En sólo ocho años, desde 1881 hasta 1889, dichas empresas deslindaron
32.200.000 hectáreas; en consecuencia, se les adjudicó en propiedad nada menos
que 12.700.000 hectáreas. Además, el gobierno les vendió a ínfimo precio otras
14.800.000 hectáreas. En total, dichas compañías acapararon el 13 por ciento del
territorio mexicano. Como estaban compuestas sólo por 29 personas, íntimamente
vinculadas al gobierno de Porfirio, la legalidad de estas operaciones estaba al
margen de toda sospecha. El general Terrazas, por ejemplo, poseía en el Estado
de Chihuahua (donde muy pronto Pancho Villa sublevará a miles de peones
armados) seis millones de hectáreas7. Sólo siete concesionarios poseían en el
mismo Estado 14.164.400 hectáreas. Dicha extensión era muy superior al
territorio conjunto de Dinamarca, Suiza y Holanda. En el Estado de Morelos, casi
toda la tierra estaba en manos de veinte latifundistas.

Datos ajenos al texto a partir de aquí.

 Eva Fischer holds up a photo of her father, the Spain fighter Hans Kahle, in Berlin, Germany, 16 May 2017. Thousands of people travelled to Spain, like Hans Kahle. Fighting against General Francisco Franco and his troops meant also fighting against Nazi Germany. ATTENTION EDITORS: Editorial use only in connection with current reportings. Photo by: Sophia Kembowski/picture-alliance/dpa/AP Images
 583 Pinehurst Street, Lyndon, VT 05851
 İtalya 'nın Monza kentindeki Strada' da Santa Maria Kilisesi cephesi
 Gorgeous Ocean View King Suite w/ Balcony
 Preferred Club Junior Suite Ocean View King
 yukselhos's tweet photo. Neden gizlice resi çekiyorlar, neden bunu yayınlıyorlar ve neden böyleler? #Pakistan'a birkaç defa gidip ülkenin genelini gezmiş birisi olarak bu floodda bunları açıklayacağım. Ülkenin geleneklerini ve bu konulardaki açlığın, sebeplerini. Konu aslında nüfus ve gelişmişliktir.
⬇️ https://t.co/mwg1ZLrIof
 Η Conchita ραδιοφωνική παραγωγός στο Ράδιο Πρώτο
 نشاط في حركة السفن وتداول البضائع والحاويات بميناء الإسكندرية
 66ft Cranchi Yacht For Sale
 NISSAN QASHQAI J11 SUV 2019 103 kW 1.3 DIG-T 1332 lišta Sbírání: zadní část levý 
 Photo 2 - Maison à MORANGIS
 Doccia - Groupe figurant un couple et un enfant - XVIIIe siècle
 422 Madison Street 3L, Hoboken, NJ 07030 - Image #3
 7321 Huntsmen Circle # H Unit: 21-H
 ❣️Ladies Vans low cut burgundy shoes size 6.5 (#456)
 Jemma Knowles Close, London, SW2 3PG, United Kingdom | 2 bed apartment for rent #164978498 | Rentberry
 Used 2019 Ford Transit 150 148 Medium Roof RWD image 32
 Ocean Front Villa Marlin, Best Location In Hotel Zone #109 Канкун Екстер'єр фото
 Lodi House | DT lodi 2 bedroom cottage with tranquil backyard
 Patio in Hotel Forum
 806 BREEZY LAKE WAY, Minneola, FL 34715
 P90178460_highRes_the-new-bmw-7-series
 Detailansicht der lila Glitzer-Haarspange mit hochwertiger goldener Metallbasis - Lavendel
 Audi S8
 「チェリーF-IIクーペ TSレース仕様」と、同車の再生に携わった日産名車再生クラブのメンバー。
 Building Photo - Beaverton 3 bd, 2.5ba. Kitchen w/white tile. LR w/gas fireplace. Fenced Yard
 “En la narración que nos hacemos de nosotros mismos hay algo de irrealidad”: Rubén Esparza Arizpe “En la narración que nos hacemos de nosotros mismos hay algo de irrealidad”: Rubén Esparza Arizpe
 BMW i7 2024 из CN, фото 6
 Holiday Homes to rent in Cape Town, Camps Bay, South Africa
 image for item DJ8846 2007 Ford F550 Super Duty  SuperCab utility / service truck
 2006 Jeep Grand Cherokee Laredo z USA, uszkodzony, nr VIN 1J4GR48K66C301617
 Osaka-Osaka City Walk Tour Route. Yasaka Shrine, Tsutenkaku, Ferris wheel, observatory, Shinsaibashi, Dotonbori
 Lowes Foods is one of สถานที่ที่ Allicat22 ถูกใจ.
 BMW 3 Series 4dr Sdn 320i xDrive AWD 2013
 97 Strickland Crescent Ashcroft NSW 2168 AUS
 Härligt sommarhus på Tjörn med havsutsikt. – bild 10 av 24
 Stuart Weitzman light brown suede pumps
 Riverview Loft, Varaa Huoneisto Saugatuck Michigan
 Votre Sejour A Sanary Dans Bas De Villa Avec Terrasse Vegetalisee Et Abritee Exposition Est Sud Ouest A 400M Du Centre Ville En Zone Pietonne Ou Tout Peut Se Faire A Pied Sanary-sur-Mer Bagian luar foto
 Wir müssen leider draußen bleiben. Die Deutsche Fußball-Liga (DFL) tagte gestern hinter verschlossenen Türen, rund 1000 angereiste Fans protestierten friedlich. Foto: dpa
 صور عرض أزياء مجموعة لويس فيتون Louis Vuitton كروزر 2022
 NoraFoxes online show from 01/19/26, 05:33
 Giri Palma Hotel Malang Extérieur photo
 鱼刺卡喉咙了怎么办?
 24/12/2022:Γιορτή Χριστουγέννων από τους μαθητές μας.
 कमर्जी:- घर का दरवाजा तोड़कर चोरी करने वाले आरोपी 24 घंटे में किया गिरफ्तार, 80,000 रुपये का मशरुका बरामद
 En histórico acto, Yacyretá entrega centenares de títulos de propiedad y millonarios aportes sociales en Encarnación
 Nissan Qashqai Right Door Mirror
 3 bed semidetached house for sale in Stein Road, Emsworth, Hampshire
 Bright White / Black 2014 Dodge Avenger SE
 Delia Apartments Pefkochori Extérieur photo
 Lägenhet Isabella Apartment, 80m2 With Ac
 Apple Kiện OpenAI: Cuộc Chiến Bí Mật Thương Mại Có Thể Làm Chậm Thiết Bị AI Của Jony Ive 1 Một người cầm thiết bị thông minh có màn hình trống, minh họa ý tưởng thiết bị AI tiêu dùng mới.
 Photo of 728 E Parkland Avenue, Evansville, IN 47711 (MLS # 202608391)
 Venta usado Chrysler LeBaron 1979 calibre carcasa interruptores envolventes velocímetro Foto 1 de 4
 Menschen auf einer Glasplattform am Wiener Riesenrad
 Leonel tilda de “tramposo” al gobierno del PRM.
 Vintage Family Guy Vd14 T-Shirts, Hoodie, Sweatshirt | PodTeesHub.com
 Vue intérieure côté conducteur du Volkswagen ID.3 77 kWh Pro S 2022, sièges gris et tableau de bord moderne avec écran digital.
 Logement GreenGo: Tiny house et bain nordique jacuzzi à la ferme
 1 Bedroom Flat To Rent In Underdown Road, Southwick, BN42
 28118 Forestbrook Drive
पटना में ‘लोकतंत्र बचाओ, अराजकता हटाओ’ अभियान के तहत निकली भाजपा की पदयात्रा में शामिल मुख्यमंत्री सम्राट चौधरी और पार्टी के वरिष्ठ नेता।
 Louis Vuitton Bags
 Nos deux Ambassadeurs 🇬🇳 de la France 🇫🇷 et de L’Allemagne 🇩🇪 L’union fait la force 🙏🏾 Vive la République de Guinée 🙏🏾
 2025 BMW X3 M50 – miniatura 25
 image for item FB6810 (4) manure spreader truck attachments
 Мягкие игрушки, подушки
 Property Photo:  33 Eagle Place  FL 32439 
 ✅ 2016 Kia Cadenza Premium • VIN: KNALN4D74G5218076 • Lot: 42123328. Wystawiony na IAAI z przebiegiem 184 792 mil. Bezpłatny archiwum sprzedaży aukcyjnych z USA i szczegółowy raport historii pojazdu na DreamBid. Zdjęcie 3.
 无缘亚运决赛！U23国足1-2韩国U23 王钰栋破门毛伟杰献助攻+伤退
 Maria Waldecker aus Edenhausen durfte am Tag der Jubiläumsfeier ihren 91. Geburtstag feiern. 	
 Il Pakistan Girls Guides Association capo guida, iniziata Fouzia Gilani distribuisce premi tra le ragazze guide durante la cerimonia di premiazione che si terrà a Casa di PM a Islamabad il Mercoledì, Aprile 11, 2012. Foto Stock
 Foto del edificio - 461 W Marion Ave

El programa de la revolución agraria inminente podía encontrarse en el
Censo de Población de 1910. Para esa fecha existían en México 3.096.827
jornaleros rurales, 411.096 agricultores y 840 hacendados8. Si la población total
ascendía a 15.160.369 habitantes, se calculaba que el número de personas que
dependían del salario rural de los peones ascendía a doce millones o sea
aproximadamente el ochenta por ciento de la población9.
¿Podía dudarse un momento del carácter feroz que adquirió la guerra civil?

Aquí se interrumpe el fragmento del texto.